What is required: Reproduce every record below exactly, without the pictures.

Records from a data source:

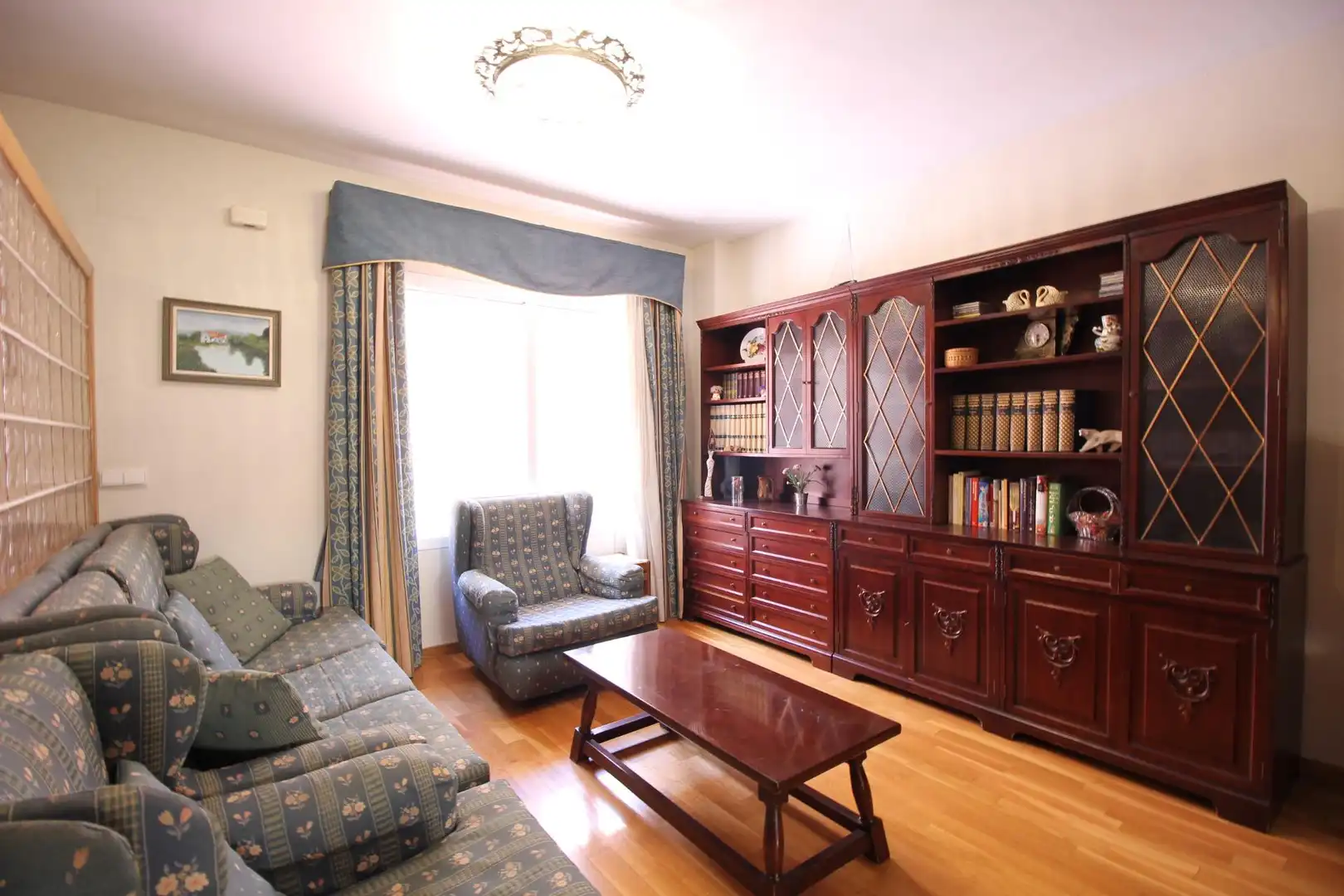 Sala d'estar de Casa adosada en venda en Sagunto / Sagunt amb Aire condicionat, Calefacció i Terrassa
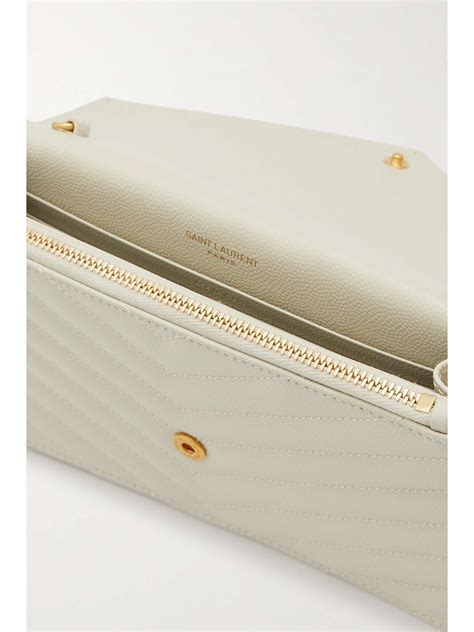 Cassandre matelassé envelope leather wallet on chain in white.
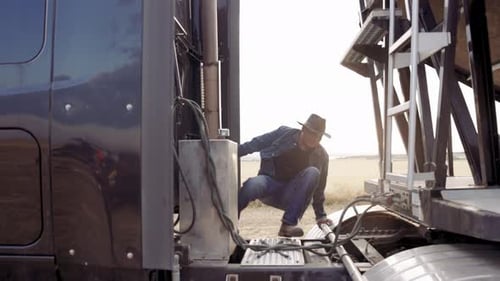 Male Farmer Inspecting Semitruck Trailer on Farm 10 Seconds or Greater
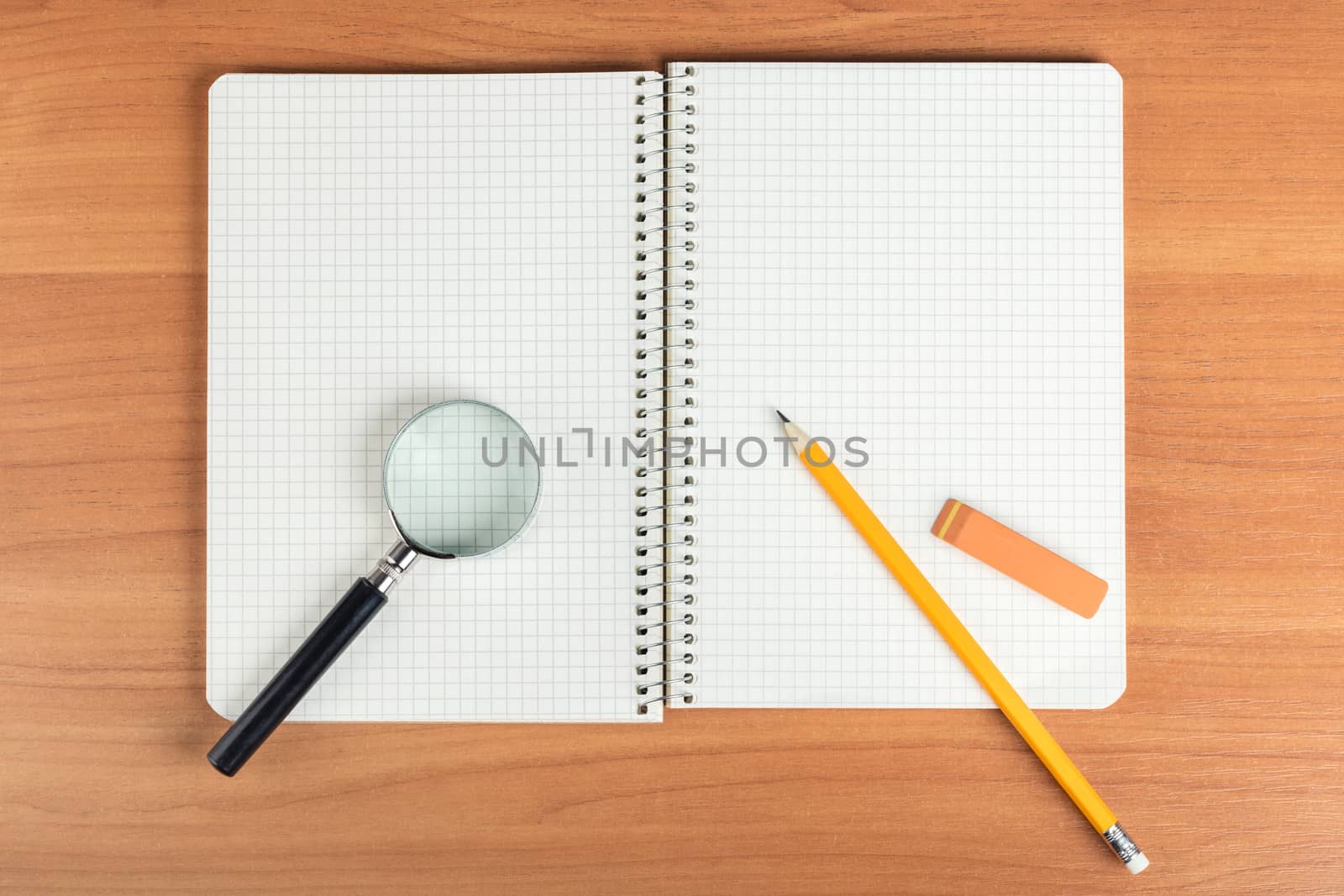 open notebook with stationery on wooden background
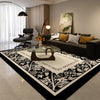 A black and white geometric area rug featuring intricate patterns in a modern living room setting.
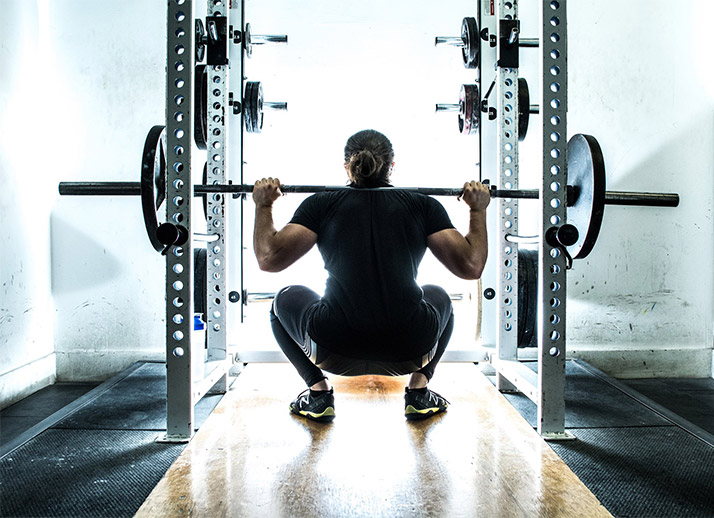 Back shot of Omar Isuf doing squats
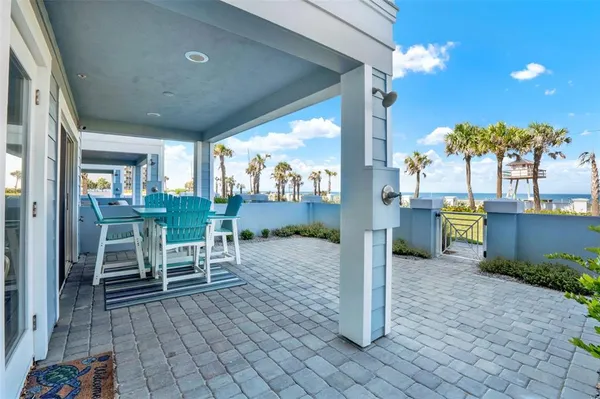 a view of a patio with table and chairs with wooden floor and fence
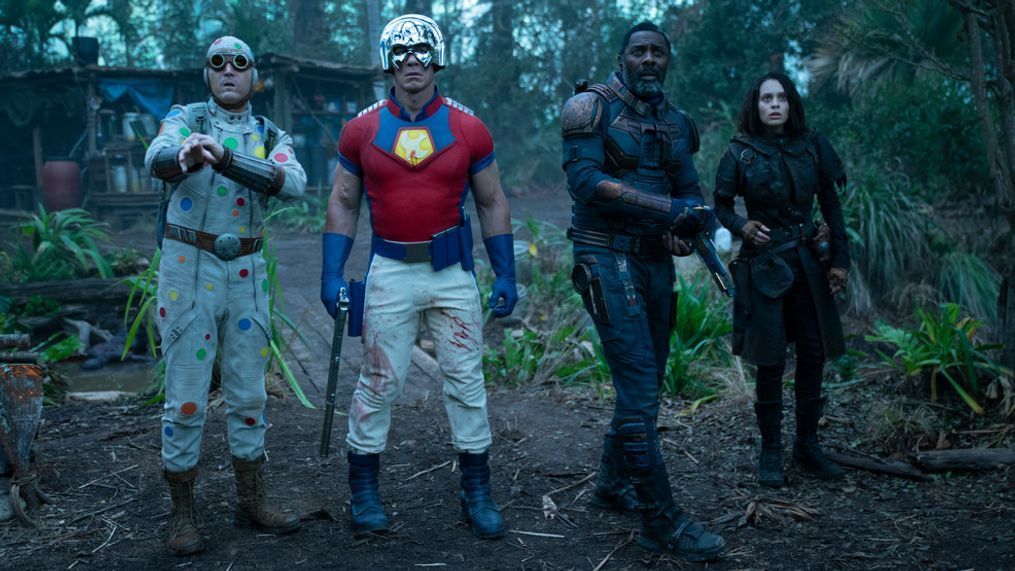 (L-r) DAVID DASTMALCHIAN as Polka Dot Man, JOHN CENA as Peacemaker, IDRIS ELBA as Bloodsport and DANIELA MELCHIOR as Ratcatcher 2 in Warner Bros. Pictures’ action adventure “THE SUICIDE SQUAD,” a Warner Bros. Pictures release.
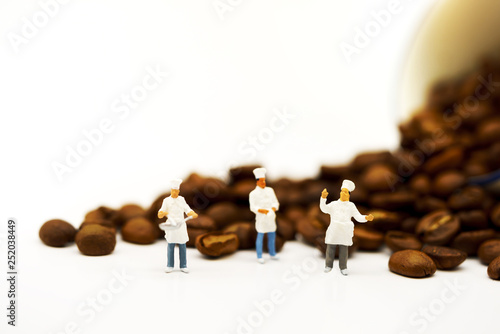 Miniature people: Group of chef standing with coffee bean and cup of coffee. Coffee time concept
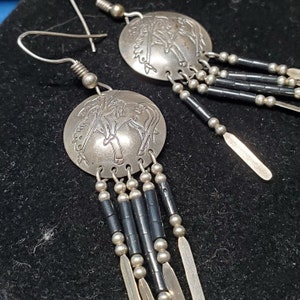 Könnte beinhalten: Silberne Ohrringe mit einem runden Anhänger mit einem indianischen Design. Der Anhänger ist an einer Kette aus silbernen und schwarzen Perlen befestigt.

The answer:
 Sala d'estar de Casa adosada en venda en Sagunto / Sagunt amb Aire condicionat, Calefacció i Terrassa
 Cassandre matelassé envelope leather wallet on chain in white.
 Male Farmer Inspecting Semitruck Trailer on Farm 10 Seconds or Greater
 open notebook with stationery on wooden background
 A black and white geometric area rug featuring intricate patterns in a modern living room setting.
 Back shot of Omar Isuf doing squats
 a view of a patio with table and chairs with wooden floor and fence
 (L-r) DAVID DASTMALCHIAN as Polka Dot Man, JOHN CENA as Peacemaker, IDRIS ELBA as Bloodsport and DANIELA MELCHIOR as Ratcatcher 2 in Warner Bros. Pictures’ action adventure “THE SUICIDE SQUAD,” a Warner Bros. Pictures release.
 Miniature people: Group of chef standing with coffee bean and cup of coffee. Coffee time concept
 Könnte beinhalten: Silberne Ohrringe mit einem runden Anhänger mit einem indianischen Design. Der Anhänger ist an einer Kette aus silbernen und schwarzen Perlen befestigt.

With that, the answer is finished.